# Task objective
Repeat the records below exactly, leaving out any pictures.

*** Records provided ***

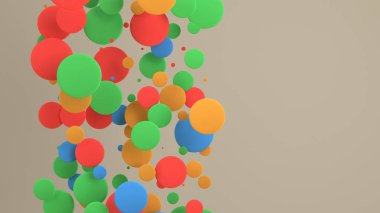 Renkli yuvarlak yüzey-in beyaz arka plan üzerinde rasgele boyutu. Arka plan daire ile. Bulut çevrelerin duvar önünde. 3D render illüstrasyon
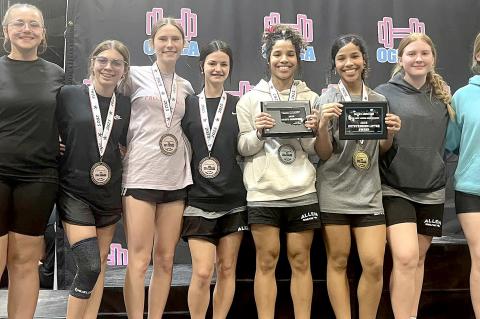 JH GIRLS -STATE POWERLIFTING CHAMPIONS Alina Jones, Laynee Heck, Cobi Frederick, Keilee Byrd, Kiara Byrd, Isabelle Elerick and Elizabeth Elerick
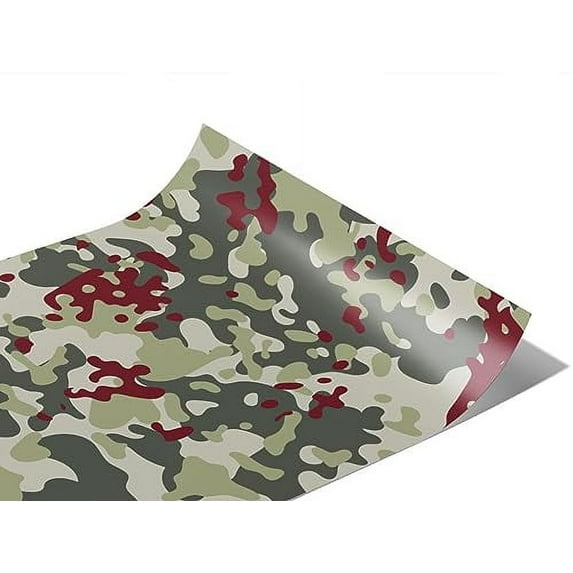 Rwraps Red Camouflage Maroon Flecktarn Matte Vinyl Film Wrap 59in x 2ft Vinyl Vehicle Car Film Sheet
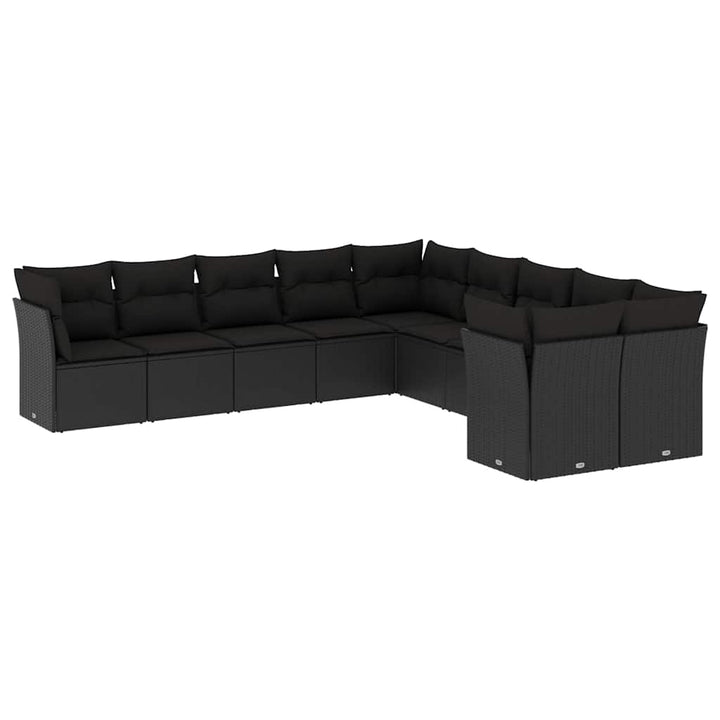 sofasæt til haven 10 dele med hynder polyrattan sort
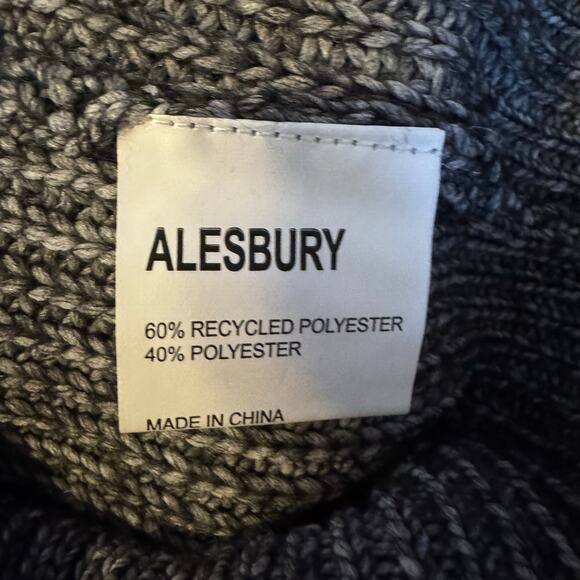 Alesbury Paxton Charcoal Ribbed 1/4 Zip Pullover Sweater NWOT Men’s Size Medium - Picture 7 of 8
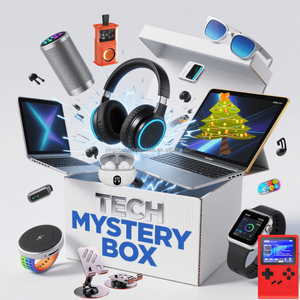 Cadeau surprise avec écouteurs et haut-parleur, boîte cadeau mystère vintage, festival, boîte cadeau en plastique, appareils électroniques filaires aléatoires, emplacement pour carte SIM - Product Image 6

*** End of Records provided ***

# Answer area
 Renkli yuvarlak yüzey-in beyaz arka plan üzerinde rasgele boyutu. Arka plan daire ile. Bulut çevrelerin duvar önünde. 3D render illüstrasyon
 JH GIRLS -STATE POWERLIFTING CHAMPIONS Alina Jones, Laynee Heck, Cobi Frederick, Keilee Byrd, Kiara Byrd, Isabelle Elerick and Elizabeth Elerick
 Rwraps Red Camouflage Maroon Flecktarn Matte Vinyl Film Wrap 59in x 2ft Vinyl Vehicle Car Film Sheet
 sofasæt til haven 10 dele med hynder polyrattan sort
 Alesbury Paxton Charcoal Ribbed 1/4 Zip Pullover Sweater NWOT Men’s Size Medium - Picture 7 of 8
 Cadeau surprise avec écouteurs et haut-parleur, boîte cadeau mystère vintage, festival, boîte cadeau en plastique, appareils électroniques filaires aléatoires, emplacement pour carte SIM - Product Image 6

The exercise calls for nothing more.